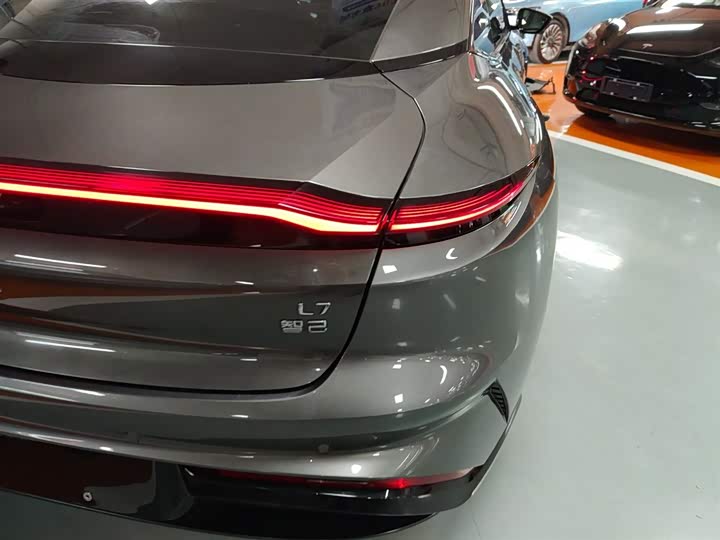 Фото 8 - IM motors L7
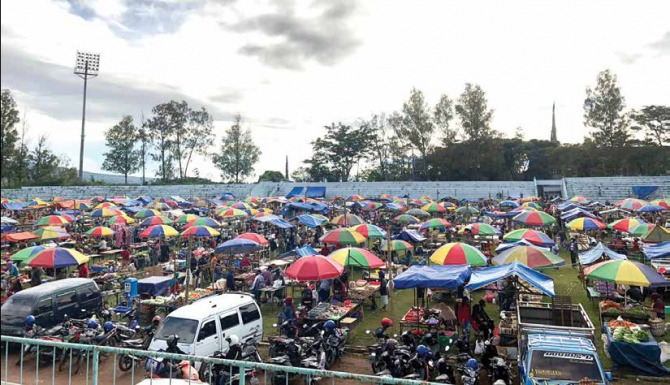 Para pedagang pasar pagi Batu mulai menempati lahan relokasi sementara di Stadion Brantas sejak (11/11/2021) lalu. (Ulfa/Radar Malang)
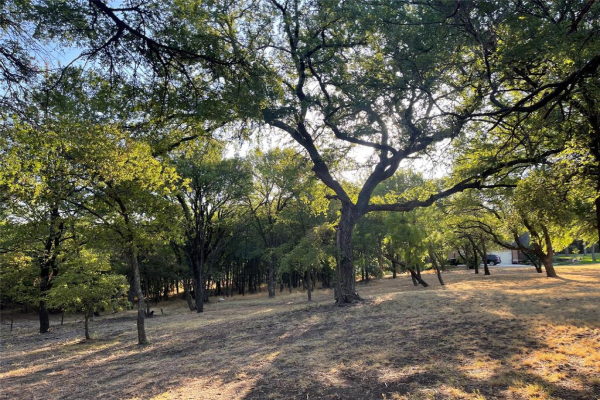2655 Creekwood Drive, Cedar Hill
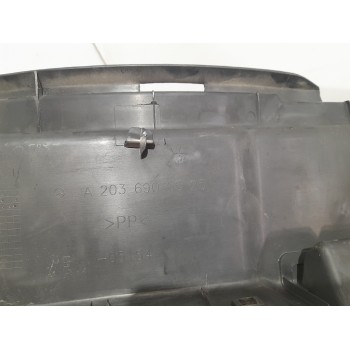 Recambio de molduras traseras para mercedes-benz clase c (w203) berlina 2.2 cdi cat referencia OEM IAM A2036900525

**********

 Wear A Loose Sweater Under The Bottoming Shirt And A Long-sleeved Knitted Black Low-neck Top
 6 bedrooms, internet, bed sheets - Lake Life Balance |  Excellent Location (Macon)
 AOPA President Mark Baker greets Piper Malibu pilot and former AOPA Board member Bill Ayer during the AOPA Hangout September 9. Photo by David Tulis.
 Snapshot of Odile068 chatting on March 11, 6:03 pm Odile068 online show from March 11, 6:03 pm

**********

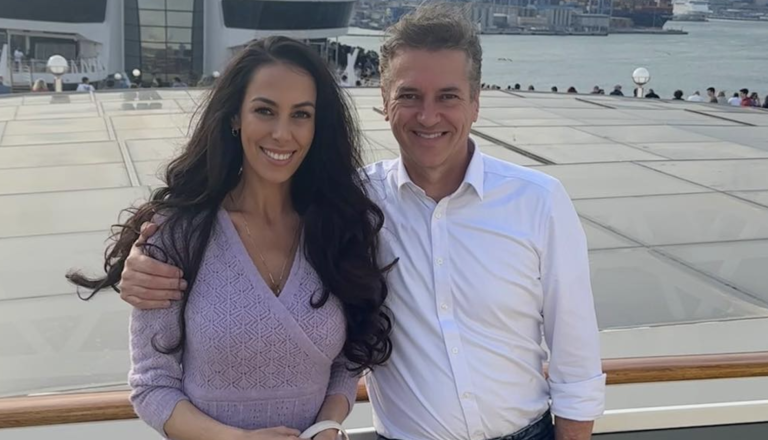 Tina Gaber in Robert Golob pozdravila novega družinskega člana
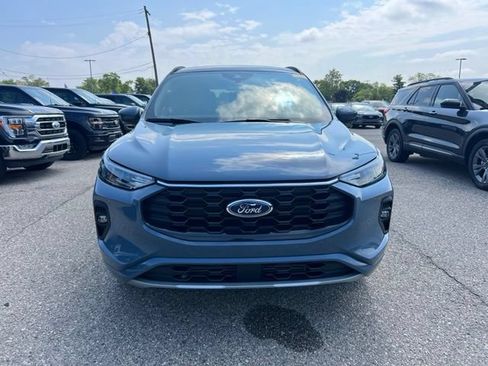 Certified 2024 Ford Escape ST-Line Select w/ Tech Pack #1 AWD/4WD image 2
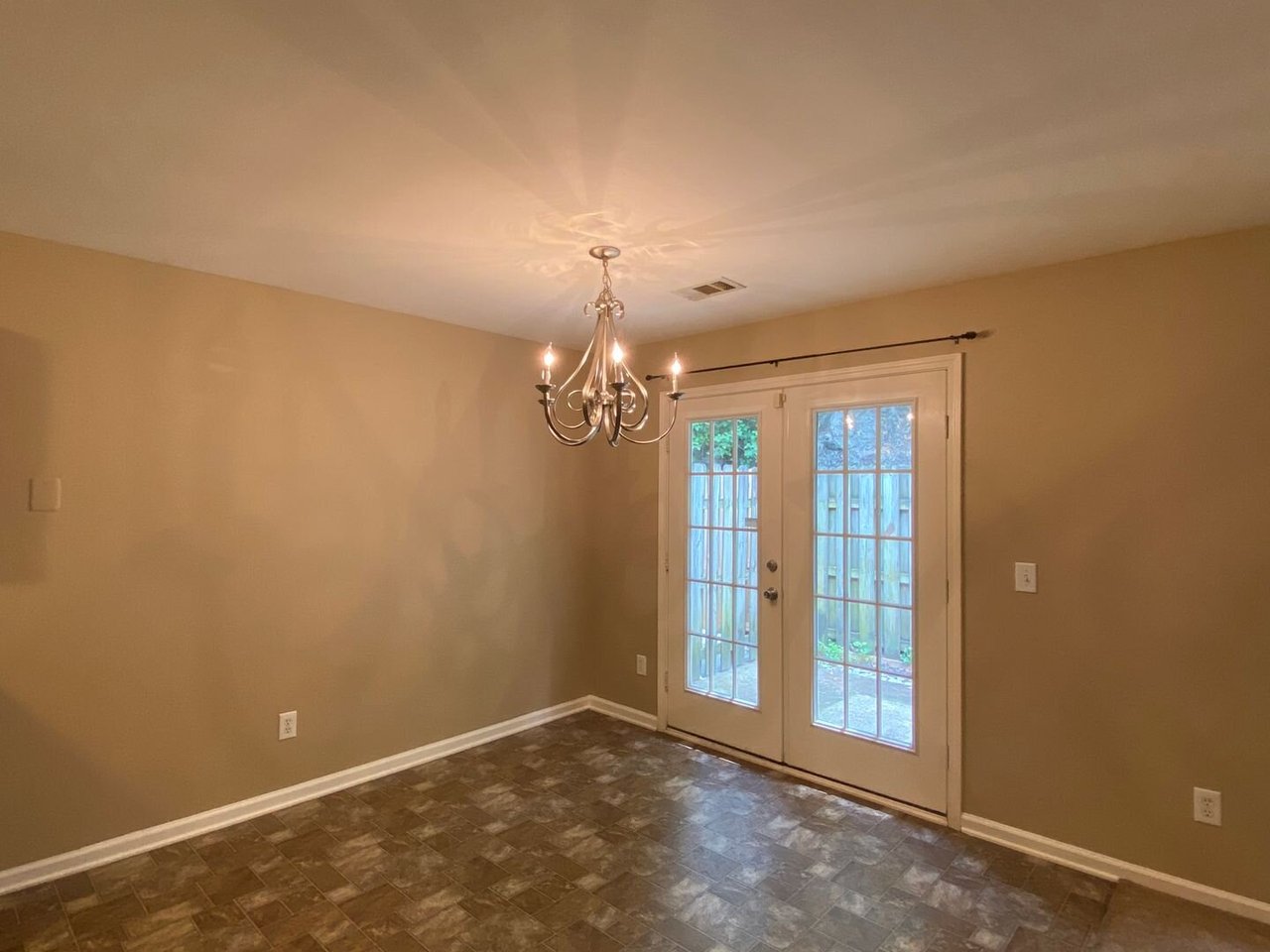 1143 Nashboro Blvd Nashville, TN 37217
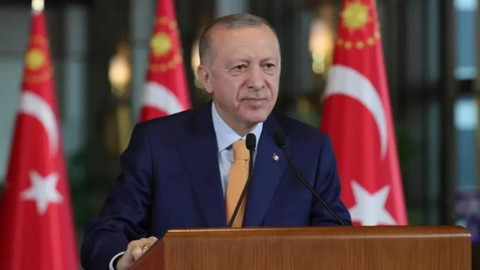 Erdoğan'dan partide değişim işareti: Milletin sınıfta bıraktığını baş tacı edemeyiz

**********

■ **About this task**
Return the stretch of data that begins with the line showing "Para pedagang pasar" and goes on through the line showing "2655 Creekwood Drive, Cedar Hill", exactly, with pictures removed.

■ **Output below**
 Para pedagang pasar pagi Batu mulai menempati lahan relokasi sementara di Stadion Brantas sejak (11/11/2021) lalu. (Ulfa/Radar Malang)
2655 Creekwood Drive, Cedar Hill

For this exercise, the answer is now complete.